Common Programming Paradigms in Objective‑C: Chainable, Reactive, Functional, Procedural, and Object‑Oriented

Programming paradigms are high‑level concepts that describe how we use a language to solve real‑world problems; they guide the way we decompose goals, follow specific rules, and combine components into a coherent system.

In iOS development with Objective‑C, several paradigms are commonly encountered. The article first discusses chainable programming , illustrating it with the Masonry layout framework. By chaining method calls with the dot syntax, each call returns the same object (or a block that returns the object), enabling concise, readable code.

self.view addSubView:_testView; [_testView mas_makeConstraints:^(MASConstraintMaker *make) { make.height.equalTo(15).width.equalTo(15); }];

The underlying implementation shows that height returns a MASConstraint object, and equalTo returns a block that finally returns self , allowing further chaining.

- (MASConstraint *)height { return [self addConstraintWithLayoutAttribute:NSLayoutAttributeHeight]; } - (MASConstraint * (^)(id))equalTo { return ^id(id attribute) { return self.equalToWithRelation(attribute, NSLayoutRelationEqual); }; }

Next, the article covers reactive programming . Reactive code focuses on data streams and change propagation, letting developers concentrate on business logic rather than implementation details. In Objective‑C, common reactive mechanisms include NSNotificationCenter , delegates, and KVO. A KVO example demonstrates how a view controller observes a view‑model property and updates the UI automatically.
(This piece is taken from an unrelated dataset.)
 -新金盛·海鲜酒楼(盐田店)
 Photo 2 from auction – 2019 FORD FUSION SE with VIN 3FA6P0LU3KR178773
@interface ViewController () @property (nonatomic, strong) UILabel *showLabel; @property (nonatomic, strong) TestViewModel *viewModel; @end @implementation ViewController - (void)viewDidLoad { [super viewDidLoad]; [self.viewModel addObserver:self forKeyPath:@"num" options:NSKeyValueObservingOptionOld context:nil]; } - (void)observeValueForKeyPath:(NSString *)keyPath ofObject:(id)object change:(NSDictionary *)change context:(void *)context { self.showLabel.text = [change valueForKey:@"new"]; } @end

The article then explains functional programming , emphasizing first‑class functions, expression‑only code, immutability, and referential transparency. An Objective‑C example shows a manager class that receives a block as a function argument, updates an internal result, and returns self to enable chainable calls.

@interface CaculateManager : NSObject @property (nonatomic, assign) NSInteger result; - (instancetype)caculate:(int (^)(int))caculateBlock; @end @implementation CaculateManager - (instancetype)caculate:(int (^)(int))caculateBlock { _result = caculateBlock(_result); return self; // enables chainable usage } @end int main(int argc, char *argv[]) { @autoreleasepool { CaculateManager *caculateM = [CaculateManager new]; NSInteger result = [caculateM caculate:^int(int result) { result += 100; return result; }].result; } }

Functional ideas also appear in Masonry’s constraint block, where a block receives a MASConstraintMaker and returns an array of constraints.

- (NSArray *)mas_makeConstraints:(void(^)(MASConstraintMaker *))block { block(constraintMaker); return [constraintMaker install]; }

The article briefly touches on procedural programming , describing it as a sequence of ordered steps (functions) that solve a problem, exemplified by the C language.

Finally, it discusses object‑oriented programming , noting that Objective‑C is inherently object‑oriented: classes model real‑world entities, objects are instances, and communication occurs via message passing.

In conclusion, understanding these paradigms helps developers write maintainable, extensible, and elegant Objective‑C code, reducing system complexity, duplication, and change impact.